最近在工作中做数据安全模块,有些非常巧妙的位移、异或计算加解密使用的非常好,下面记录一下。
1、加密代码
参数中 plaintext为明文、plaintext_size=64、ciphertext为密文、ciphertext_size=128
int fake_rsa_encrypt(
const unsigned char* plaintext,
unsigned int plaintext_size,
unsigned char *ciphertext,
size_t *ciphertext_size)
{
struct timeval time;
gettimeofday(&time, NULL);
// microsecond has 1 000 000
// Assuming you did not need quite that accuracy
// Also do not assume the system clock has that accuracy.

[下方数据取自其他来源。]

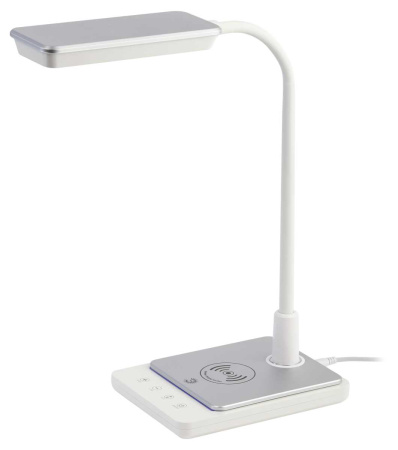 Настольная лампа ЭРА NLED-499-10W-W Б0052776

srand((time.tv_sec * 1000) + (time.tv_usec / 1000));
if ((plaintext_size < 128) && (!(plaintext_size & 3))) {
int i, j;
for (i = 0; i < (int)(128 - plaintext_size); i += 4) {
long rdm = random();
ciphertext[i + 0] = (rdm >> 24) & 0xff;
ciphertext[i + 1] = (rdm >> 16) & 0xff;
ciphertext[i + 2] = (rdm >> 8) & 0xff;
ciphertext[i + 3] = (rdm)& 0xff;
}
for (i = 128 - plaintext_size, j = 0; i < 128; ++i, ++j) {
ciphertext[i] = plaintext[j] ^ ciphertext[j];
}
}
else {
return -1;
}
*ciphertext_size = 128;
return 0;
}注意:!(plaintext_size & 3) 的意思是判断是否非0,参考以下文章,传送门:&运算(位运算)
上述代码中有一段
struct timeval time;
gettimeofday(&time, NULL);
// microsecond has 1 000 000
// Assuming you did not need quite that accuracy
// Also do not assume the system clock has that accuracy.
srand((time.tv_sec * 1000) + (time.tv_usec / 1000));这个代码的含义是将当前时间设置为一个随机种子,然后通过以下代码获取随机数
long rdm = random();上面这两个方法是配合使用的,需要先用一个独特的数设置种子,然后再获取随机数。
2、解密代码
参数中 ciphertext为密文、plaintext为明文、plaintext_size=64
int fake_rsa_decrypt(
const unsigned char* ciphertext,
unsigned char *plaintext,
size_t *plaintext_size)
{
*plaintext_size = 64;
if (((*plaintext_size) < 128) && (!((*plaintext_size) & 3))) {
int i;
for (i = 0; i < (int)(*plaintext_size); i++) {
plaintext[i] = ciphertext[128 - (*plaintext_size) + i] ^ ciphertext[i];
}
}
else {
return -1;
}
return 0;
}精妙之处就是 ciphertext 是128位的密文数组,他的前64位保存的是随机数数组,后64位保存的是异或计算后的数组,用后64位和前64位进行异或计算就能够得到加密之前传入的明文数组了,非常巧妙吧。